**Work to be completed**
Only the lines from the one containing "highlights with all over single color" through the one containing "Carhartt Nelson Sweat Shorts - Sonic" should be printed, exactly as they appear below, with both ends included.

**Material provided**
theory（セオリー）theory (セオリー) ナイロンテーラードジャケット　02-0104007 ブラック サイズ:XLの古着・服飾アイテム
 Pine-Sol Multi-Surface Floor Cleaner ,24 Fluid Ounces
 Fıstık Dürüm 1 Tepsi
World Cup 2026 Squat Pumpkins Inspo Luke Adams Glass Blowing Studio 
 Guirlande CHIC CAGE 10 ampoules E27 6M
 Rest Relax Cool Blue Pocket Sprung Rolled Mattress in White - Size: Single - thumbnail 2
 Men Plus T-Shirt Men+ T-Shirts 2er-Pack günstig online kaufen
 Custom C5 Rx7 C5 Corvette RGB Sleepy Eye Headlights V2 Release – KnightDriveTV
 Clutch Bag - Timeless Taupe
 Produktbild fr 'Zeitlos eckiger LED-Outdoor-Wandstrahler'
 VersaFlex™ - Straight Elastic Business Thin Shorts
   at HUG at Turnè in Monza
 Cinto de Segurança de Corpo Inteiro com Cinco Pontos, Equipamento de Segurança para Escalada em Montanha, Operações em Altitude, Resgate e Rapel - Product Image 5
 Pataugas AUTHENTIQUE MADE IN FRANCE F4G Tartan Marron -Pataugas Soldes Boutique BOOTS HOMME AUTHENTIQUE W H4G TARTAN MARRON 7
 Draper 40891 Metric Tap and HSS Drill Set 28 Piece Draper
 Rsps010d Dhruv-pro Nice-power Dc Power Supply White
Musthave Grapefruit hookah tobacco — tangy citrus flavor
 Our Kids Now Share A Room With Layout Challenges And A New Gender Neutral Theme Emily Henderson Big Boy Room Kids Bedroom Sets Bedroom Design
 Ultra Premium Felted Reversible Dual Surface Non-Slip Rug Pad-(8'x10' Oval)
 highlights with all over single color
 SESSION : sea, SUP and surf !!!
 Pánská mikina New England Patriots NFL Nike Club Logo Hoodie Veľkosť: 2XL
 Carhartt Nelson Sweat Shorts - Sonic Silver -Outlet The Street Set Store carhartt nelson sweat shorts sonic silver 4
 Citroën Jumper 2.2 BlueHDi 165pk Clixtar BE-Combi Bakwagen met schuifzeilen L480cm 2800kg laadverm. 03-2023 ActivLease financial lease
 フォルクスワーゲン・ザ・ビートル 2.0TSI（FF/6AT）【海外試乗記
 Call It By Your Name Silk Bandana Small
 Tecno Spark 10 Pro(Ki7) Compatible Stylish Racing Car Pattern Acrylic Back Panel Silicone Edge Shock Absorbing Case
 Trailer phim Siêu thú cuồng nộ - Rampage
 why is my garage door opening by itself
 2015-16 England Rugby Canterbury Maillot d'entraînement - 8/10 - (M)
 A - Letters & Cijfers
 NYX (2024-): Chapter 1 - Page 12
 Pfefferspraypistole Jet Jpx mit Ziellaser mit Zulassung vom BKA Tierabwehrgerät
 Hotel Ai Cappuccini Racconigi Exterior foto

**Solved exercise**
 highlights with all over single color
 SESSION : sea, SUP and surf !!!
 Pánská mikina New England Patriots NFL Nike Club Logo Hoodie Veľkosť: 2XL
 Carhartt Nelson Sweat Shorts - Sonic Silver -Outlet The Street Set Store carhartt nelson sweat shorts sonic silver 4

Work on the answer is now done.